Web page caption snippets
^^^^^^^^
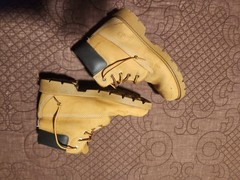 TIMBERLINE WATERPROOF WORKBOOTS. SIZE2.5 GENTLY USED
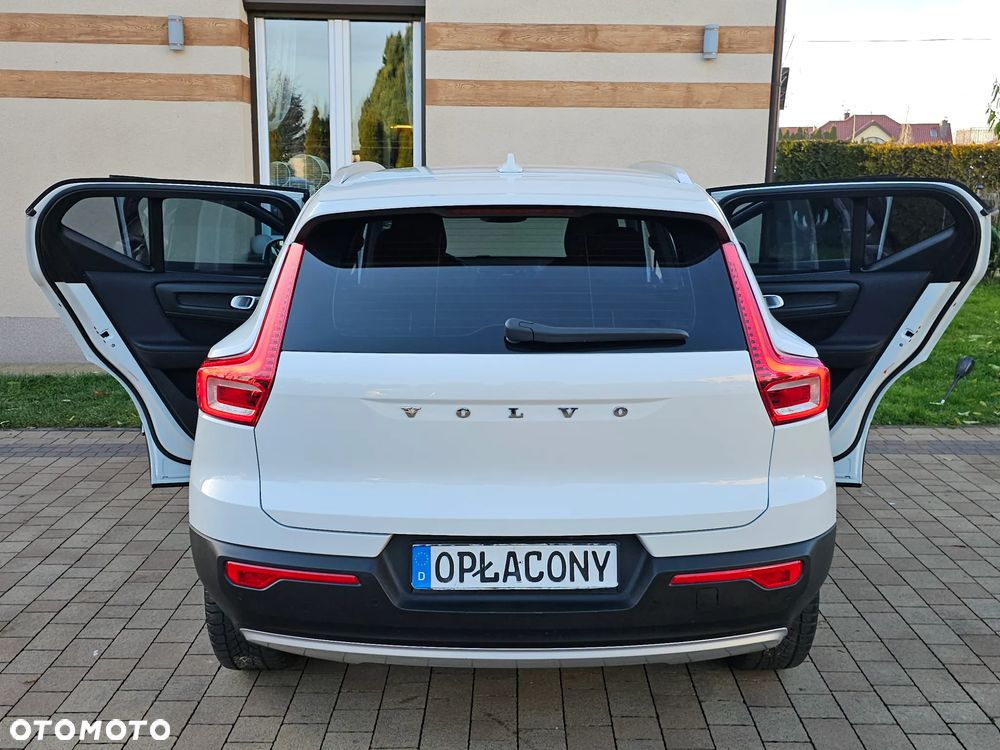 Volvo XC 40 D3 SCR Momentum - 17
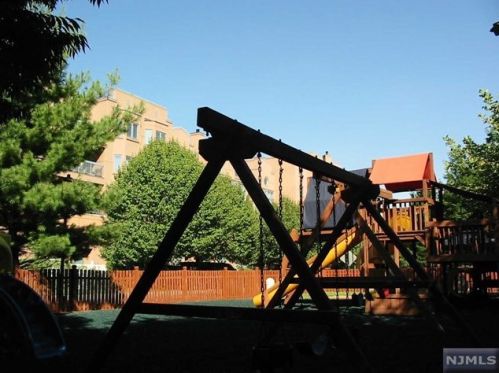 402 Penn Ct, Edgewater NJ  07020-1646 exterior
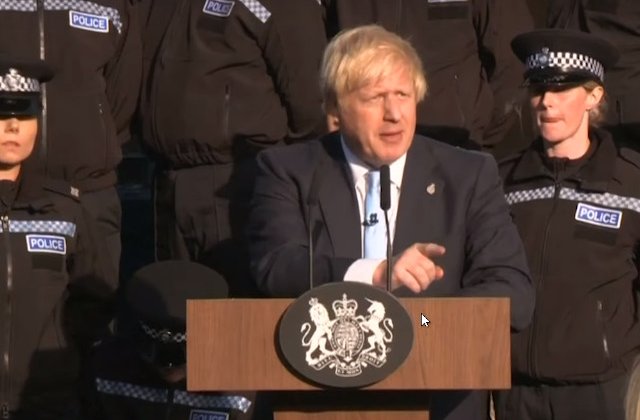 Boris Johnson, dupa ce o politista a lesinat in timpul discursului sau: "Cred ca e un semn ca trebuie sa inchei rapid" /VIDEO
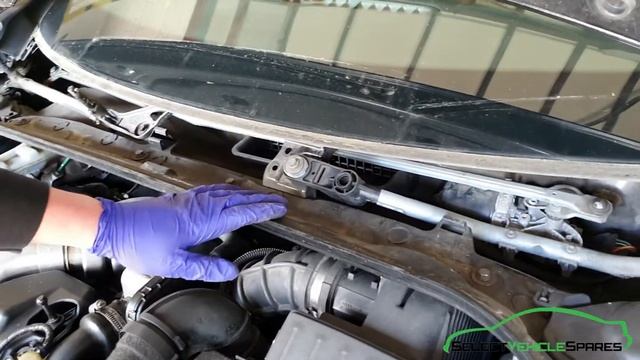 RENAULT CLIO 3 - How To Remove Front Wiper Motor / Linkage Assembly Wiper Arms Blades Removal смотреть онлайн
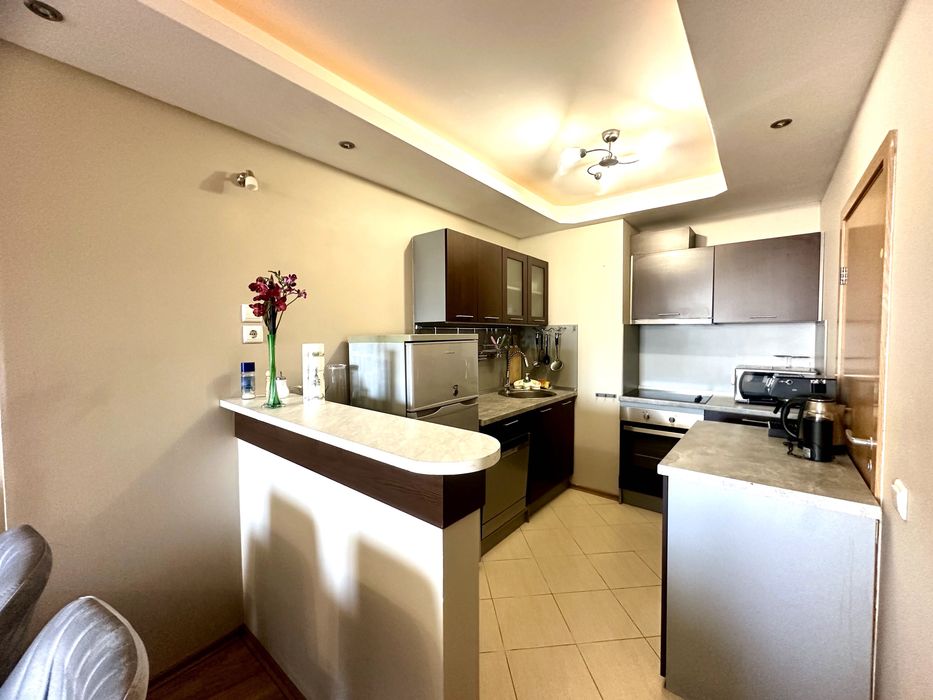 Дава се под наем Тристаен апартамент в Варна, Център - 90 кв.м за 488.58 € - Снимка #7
^^^^^^^^
§ **EXERCISE**:
Repeat every record above exactly, except the pictures.

§ **RESULT OF THE TASK**:
 TIMBERLINE WATERPROOF WORKBOOTS. SIZE2.5 GENTLY USED
 Volvo XC 40 D3 SCR Momentum - 17
 402 Penn Ct, Edgewater NJ  07020-1646 exterior
 Boris Johnson, dupa ce o politista a lesinat in timpul discursului sau: "Cred ca e un semn ca trebuie sa inchei rapid" /VIDEO
 RENAULT CLIO 3 - How To Remove Front Wiper Motor / Linkage Assembly Wiper Arms Blades Removal смотреть онлайн
 Дава се под наем Тристаен апартамент в Варна, Център - 90 кв.м за 488.58 € - Снимка #7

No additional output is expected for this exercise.